§ RAW DATA

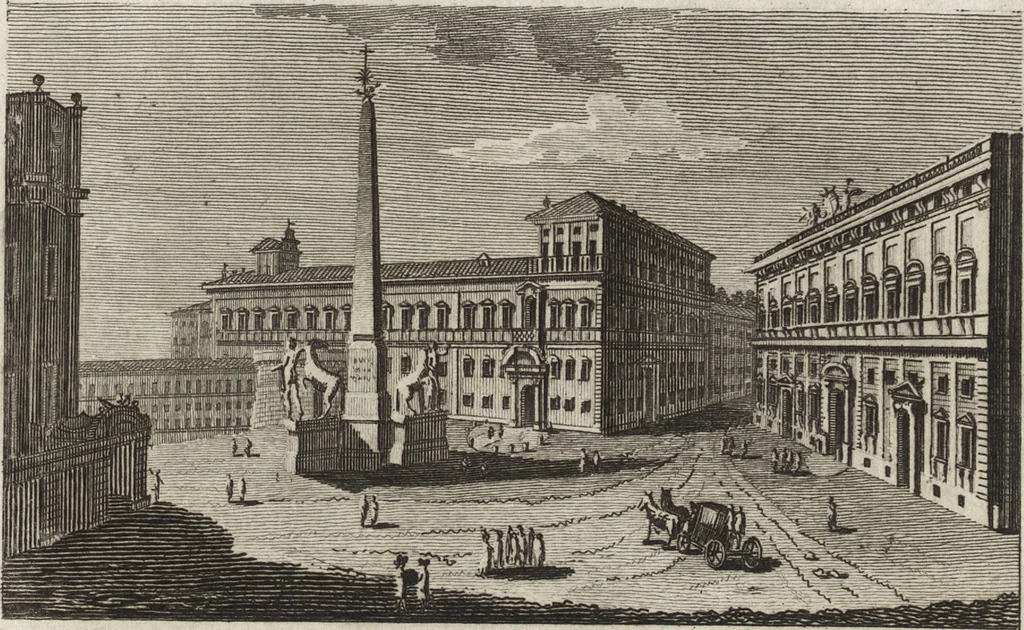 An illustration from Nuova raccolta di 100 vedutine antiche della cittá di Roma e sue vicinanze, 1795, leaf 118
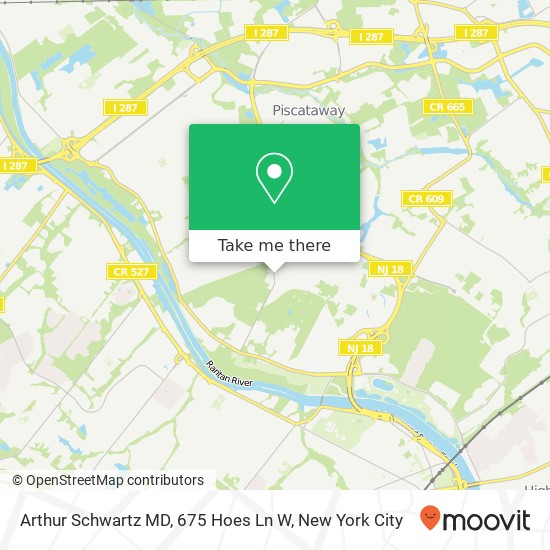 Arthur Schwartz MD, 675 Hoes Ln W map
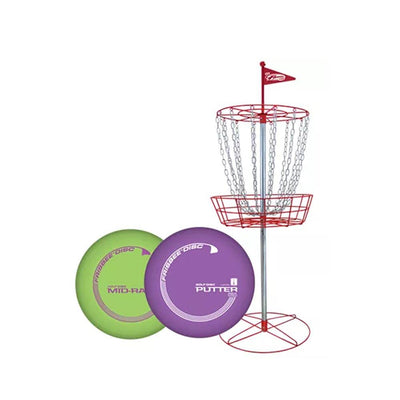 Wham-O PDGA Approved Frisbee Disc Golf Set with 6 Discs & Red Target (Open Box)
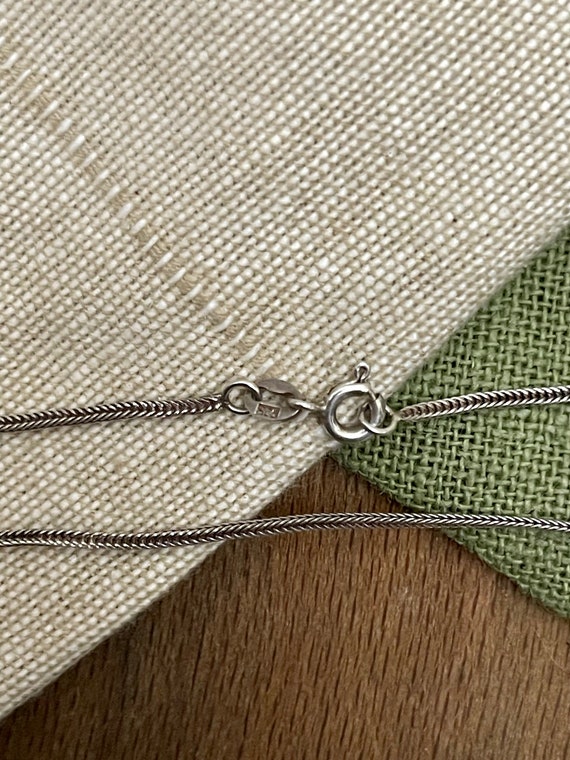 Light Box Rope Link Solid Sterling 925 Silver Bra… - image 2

§ EXERCISE OBJECTIVE
Instruction for this listing: copy it exactly, but leave the images behind.

§ ANSWER SPACE
 An illustration from Nuova raccolta di 100 vedutine antiche della cittá di Roma e sue vicinanze, 1795, leaf 118
 Arthur Schwartz MD, 675 Hoes Ln W map
 Wham-O PDGA Approved Frisbee Disc Golf Set with 6 Discs & Red Target (Open Box)
 Light Box Rope Link Solid Sterling 925 Silver Bra… - image 2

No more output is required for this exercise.